Secure Copy using CRC, prevent Silent data corruption

Posted: 2023-01-02, 01:38 UTC
by isidro
I had several times silent data corruption (a bit flipped every 1Tb copied due to hardware failure): https://en.wikipedia.org/wiki/Data_corruption
Now my copy procedure is: genere CRC (ie BLAKE3), copy, verify CRC, (sometimes also against source).
That is VERY time consuming on large (ie: 4Tb) drives.
Basic backup takes 18 hours using two 4Tb drives:
1) generate BLAKE3 CRC file for all data (6h)
2) copy source drive to backup drive (6h, read and write is done simultaneously)
3) verify backup against CRC file (6h)

It's an essential missing function to allow copying and generating CRC simultanously (which would reduce steps 1 and 2 to 6 hours) , and ideally to also have a checkbox to do the verification against it, so everything's done without user intervention...
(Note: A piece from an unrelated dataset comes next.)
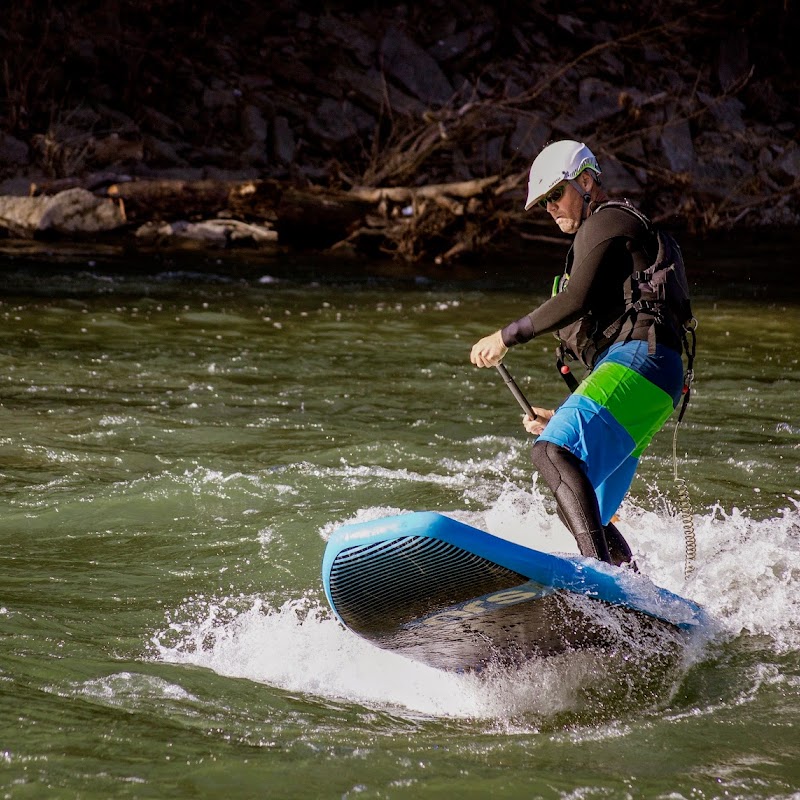 Dam wave surf school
Re: Secure Copy using CRC, prevent Silent data corruption

Posted: 2023-01-02, 02:16 UTC
by petermad
It's an essential missing function to allow copying and generating CRC simultanously
Have you tried enabling the "Verify" option in the Copy dialog? - https://madsenworld.dk/tcmd/verifycopy.png

Help wrote:With the option Verify enabled, Total Commander reads the copied file again after copying finishes, and compares its MD5 checksum with the original. The disk cache will be bypassed.
MD5 is probably slower than BLAKE, but you should be able to do it in one take.

Also notice:
History.txt wrote:24.03.17 Fixed: Verify after copy: retry up to 3 times to open target file if it fails (e.g. because writing is still not done) (32/64)

Re: Secure Copy using CRC, prevent Silent data corruption

Posted: 2023-01-02, 08:30 UTC
by abouchez
Some remarks:

1) To find a bit flip, a CRC32C is enough, and can be done at huge speed. This was the purpose of those CRC algorithms. No need of a cryptographic hash.

2) Don't hash the whole file, but hash the file by chunks (e.g. 32MB) during the read process itself. Write the chunk, then read and crc the chunk.

3) Bypassing the disk cache is somewhat not easy to do. Even if you do it at OS level, it is very likely that the HW level may return it from its cache, not from the actual HW. The only way I think of is write the whole huge destination file with FILE_FLAG_WRITE_THROUGH, then close the file, then reopen it to check the crc.

4) So I would hash file chunks, then compute the chunk crc and keep it in memory or disk, then, once the whole file is copied, read back the chunks and verify the CRC: if one fails, only replaces the chunk, not the whole file. It is much more time efficient.

5) My guess for such huge file is that a "recover" function may be needed. That is, if the copy is interrupted, make a new copy start from where it was aborted (i.e. at last whole chunk level).

6) There are already some tool doing it very efficiently, e.g. rsync - so is it worth reinventing the wheel?